I feel like you can try to look for an alternative seller nearby, why does it need to be from Indonesia?
We brought in only documented cultured coral from Indo and fragged it further. That was our customers requirement, nothing wild imported and then chopped up. It was all soft coral and obvious it was grown on concrete plugs, not cut, glued and shipped. That supply has not been replaced by other sources.
The ban costs us about 20k/month in gross.
An LFS told me that it is quite common that Indonesian "coral farms" would harvest frags from wild corals, glue them to concrete plugs, "culture" them just long enough to encrust, and then ship them....
do you seriously think they have so many mother colonies that they can cut thousands of frags from them to satisfy the worldwide demand?

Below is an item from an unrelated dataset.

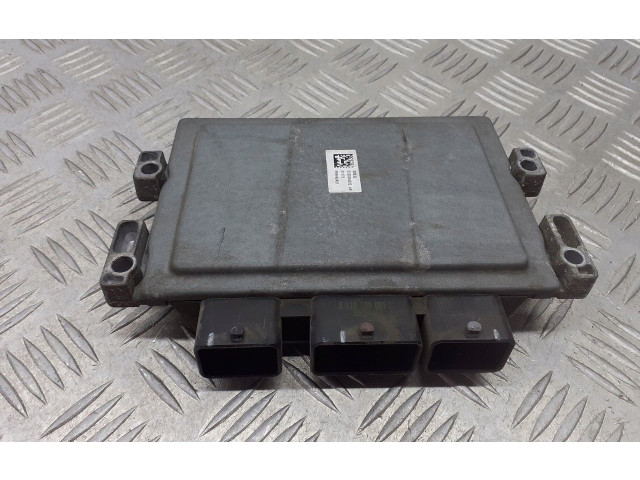 Блок управления двигателя 8200774747   Renault Twingo II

Sorry, but if you see the farms in Indonesia you would not make this statement. They literally have tens of thousands of mini-colonies, just about twice to three times the size of an average Indo frag. Those get split regularly, a few go into sale, the others into growout. That is actually cheaper and less labor intensive than clipping small pieces from large wild colonies. Even with labor as cheap as in Indonesia, it all boils down to the question how can you mass produce frags with the least amount of work.
Interesting. Some local collectors (not all) are doing the same thing. Don't think they're marketing them as aquacultured per se but when you see an acro frag on a plug it's easy to make that assumption I guess.